I read that before you went on stage you used to drink and smoke to make your voice sound older...
Robert Palmer: Oh, that's a load of rubbish. Rubbish! What happens often - although I'm not particularly a victim of this sort of thing - is that somebody will make a quote, or invent a remark and it gets printed, ends up on the 'net and it becomes currency. And some of them are so bizarre! Some idiot got generic terms mixed up and wrote that I was 'white-eyed soul'. Now what the hell does that make me, an albino!? And it got reprinted! Another dreadful one was the story that there was a whole women's movement against the video for 'Addicted To Love'. This was some woman in one obscure paper somewhere and it got picked up. Really everyone thought it was a glamorous joke, which is what it was, but that story stuck around. Part of the fun of doing this stuff is setting the record straight. So as for smoking and drinking to change my voice, that's bizarre. In fact the truth is when I go on tour it's salads and water in that I can't sing on a full stomach, I'm too busy digesting. And then when you come off stage everything's shut because it's midnight, and I'm certainly not going to eat junk food. So it's an enforced discipline. The pounds fall off, and then you come off the road and they pile back on! But I'm still wearing the same trousers I had ten years ago... although they're snug.
So looking back on your career what work are you most proud of and what would you quietly sweep under the carpet if you could?
Robert Palmer: 'Vinegar Joe' I would happily sweep under the carpet, but that was my apprenticeship and I didn't feel comfortable with what it was. What am I most proud of... generally the overview of the catalogue that the new compilation represents. I just think it's great to be able to fill a CD with songs that most people have heard and that have been in the Top 10. That's great. Some people people put out Best Of Hits and there are two big songs on it and the rest, well... I don't want to be bitchy about it.
So the body of work?
Robert Palmer: Yeah. It keeps me afloat, it gives me a perspective, it keeps me moving forward and I don't like to repeat myself so it pushes my imagination.
Eric Thorngren once described you as 'a musicologist above all', so what are you listening to at the moment that's turning you on? And what's making your skin crawl?
Robert Palmer: Anything by Gonzalez Rubalcaba is unbelievable. I've been listening to the best of Django Reinhardt. There's a new album by Terence Trent D'Arby, who now goes by the name of Sananda Maitreya, believe it or not, and it's fantastic. A lot of it is too obscure to mention. You see, I get home and there's packages asking 'do you want to record this, do you want to produce that' and I go through it all and I find these gems from someone's demo in South Africa, or outtakes from somwhere, and I sometimes find wonderful stuff. To some extent it's a drag because people come over to my house and I make compilations on mini-discs and I put it on and they say 'what's this, where did you get this?'. And it's such a drag that they haven't heard this great stuff so I'm writing lists down and it's just because of my enthusiasm for listening to music from everywhere and not having any musical prejudices.
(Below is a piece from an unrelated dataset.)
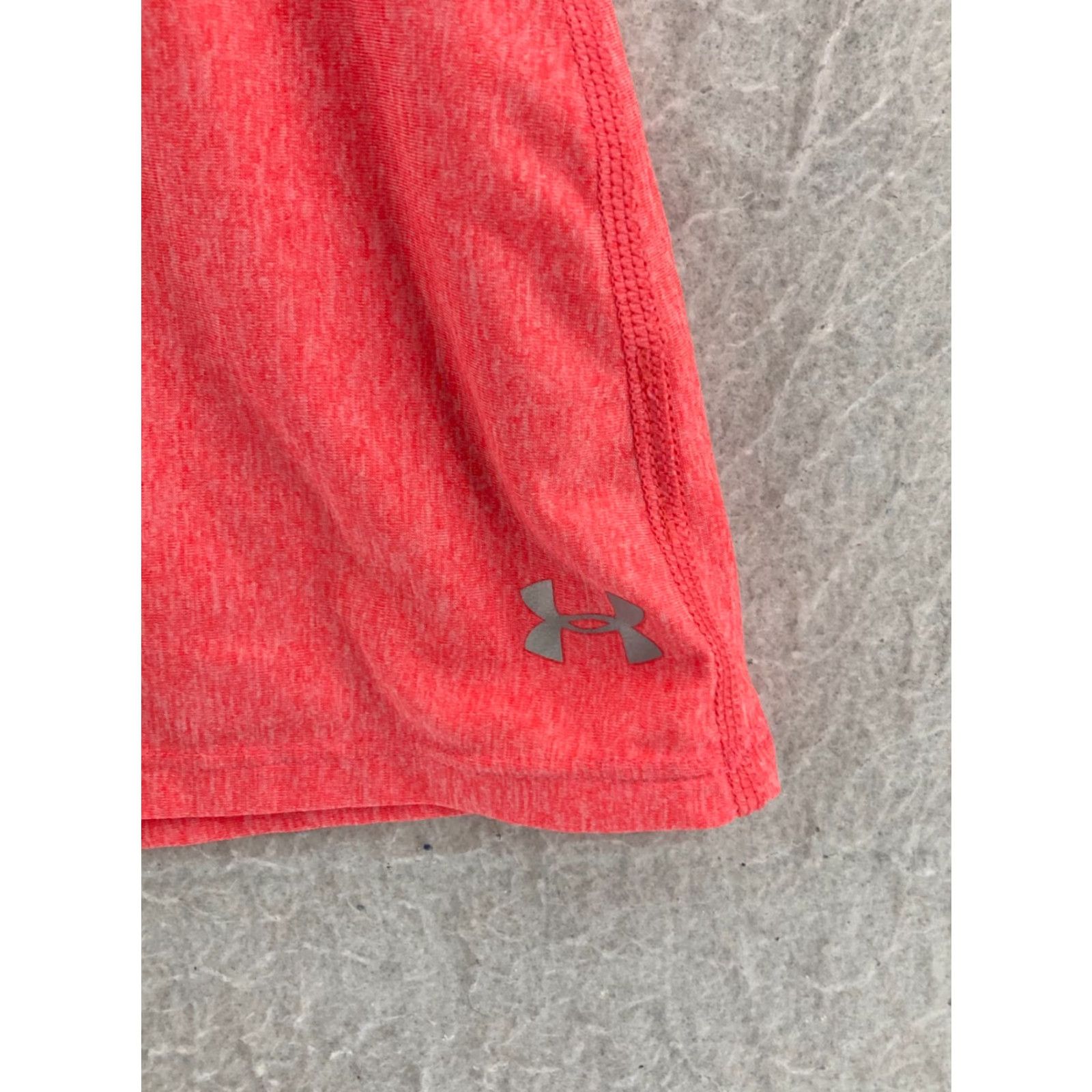 Under Armour Under Armour Shirt Womens Small Pink Fitted Heatgear Tank Top Size S / US 4 / IT 40 - 4 Thumbnail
Except I don't like broadway show music, it's too much posturing and not enough content. Generally, and especially in cities, there's this homegenised force feeding of what is hip and then the kids take sides. Actually musicians are the worst - 'I only listen to classical' 'Oh, well I only listen to heavy metal'. I don't like that. I just absorb everything and if it's good it's good, if there's a spirit to it and there's something coming out of it and I'm entertained. Whereas if I find it merely a package I don't know what it is they're trying to sell me.